In response we still supplied the alternative of granting us IP rights and explained that we can act on behalf of an authorised party in delivery if we have a liability disclaimer but without it we would require the IP rights to for delivery otherwise it could be seen as copyright infringement (this is the basic gist anyway).
In our case the issue was 3rd party designers that did not own the rights to trademarks and copyright material were uploading files for printing items such as billboard posters. The designers had the right to provide copies of the material to the printers and companies they use in service delivery (very standard clauses in these types of contracts) so we used that. We also had a box on every upload to the servers confirming that and making it clear that the designer has liability should they be doing something wrong, we also made sure there was a box to confirm that they have permission to provide the copy to our client.

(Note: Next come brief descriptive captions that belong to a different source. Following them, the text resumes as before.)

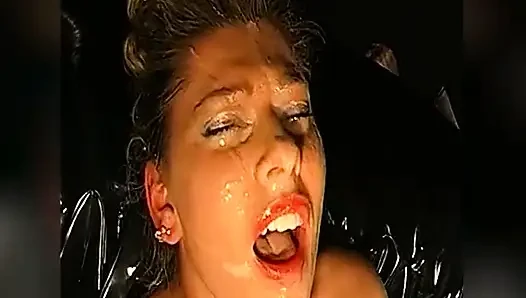 Wild Ggg Bukkake - Sluts Get Faces Drenched in Cum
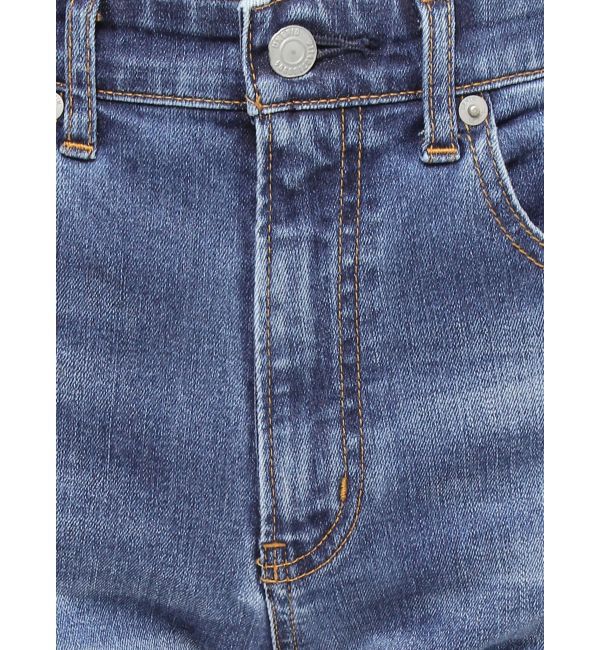 Ungrid「ハイウエストストレッチフレアデニム」|デニム|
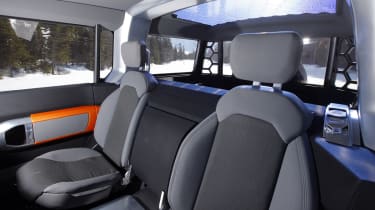 Land Rover DC100 interior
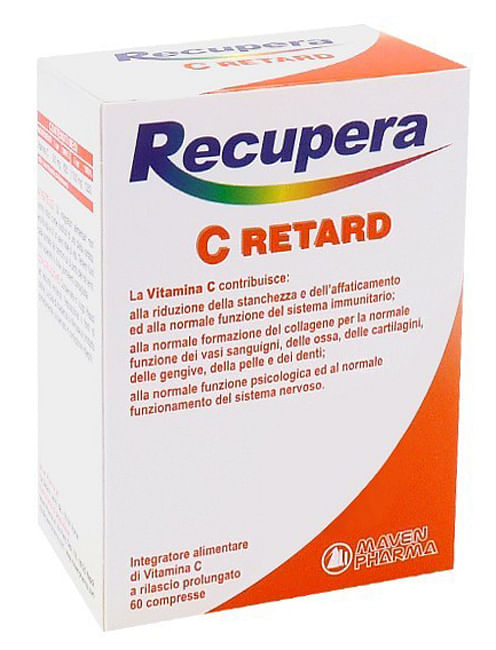 Recupera C Retard 60 Compresse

I have been considering redeveloping this over the past couple of months however I haven't been able to get a straight answer if the same terms can be used due to changes in the IP laws. The only thing we have been told is if the client has the server (or VPS) under their name and the software is licensed to allow the upload of items that the client has the permission to provide to the specified 3rd party/parties and the 3rd party/parties are advised of the permission(s) they have been granted prior to download and they must agree then our liability to the IP is almost completely negated with responsibility going back to the user uploading and the licensee that is responsible for the usage of the application being on a server under their control.
But it is a complicated situation, there are a few other aspects but this is the big one.
I hope all that make sense you you guys, I had to re-read the legal liability assessment of this about 3 times before I understood it as this (more basic) version.
What do you guys think of this type of license and solution allowing professionals to securely share their files with clients/colleagues?